What to do -> Exactly as they stand, repeat the lines from the one containing "WAGO Bornier serre-fils, 0.5" through the final line of the listing, both ends included, and nothing else; skip the pictures.
Information supplied: Begin
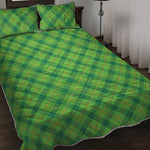 Saint Patrick's Day Scottish Plaid Print Quilt Bed Set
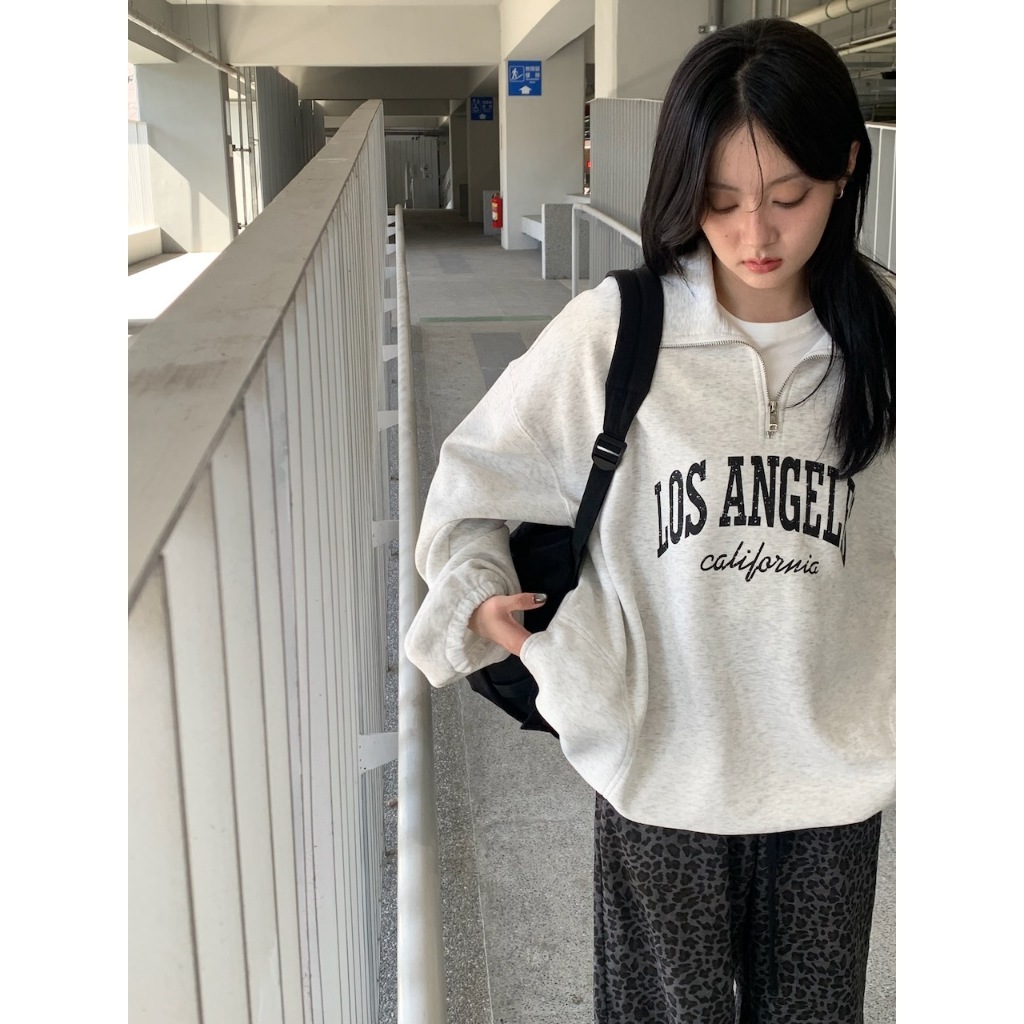 【imfine】洛城女孩 拉鍊翻領英文字大學踢 #9815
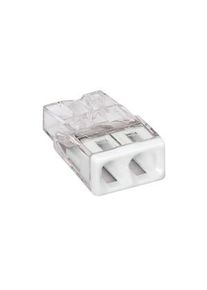 WAGO Bornier serre-fils, 0.5 2.5mm², Pôles - 2, Polycarbonate / Polyamide, Transparent / Blanc - 2273-202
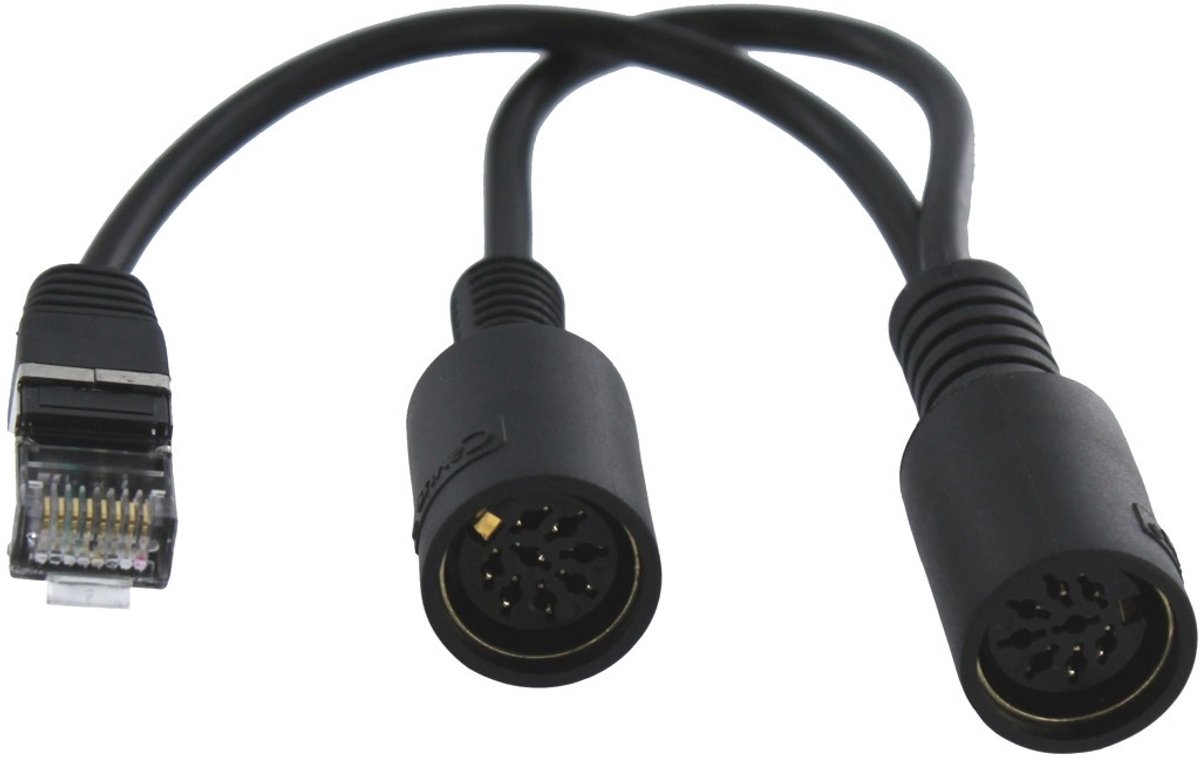 Cavus RJ45 naar 2x 8-pins DIN Powerlink PL8 splitter voor B&O / zwart - 0,15 meter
Information supplied: End
Answer area ->
 WAGO Bornier serre-fils, 0.5 2.5mm², Pôles - 2, Polycarbonate / Polyamide, Transparent / Blanc - 2273-202
 Cavus RJ45 naar 2x 8-pins DIN Powerlink PL8 splitter voor B&O / zwart - 0,15 meter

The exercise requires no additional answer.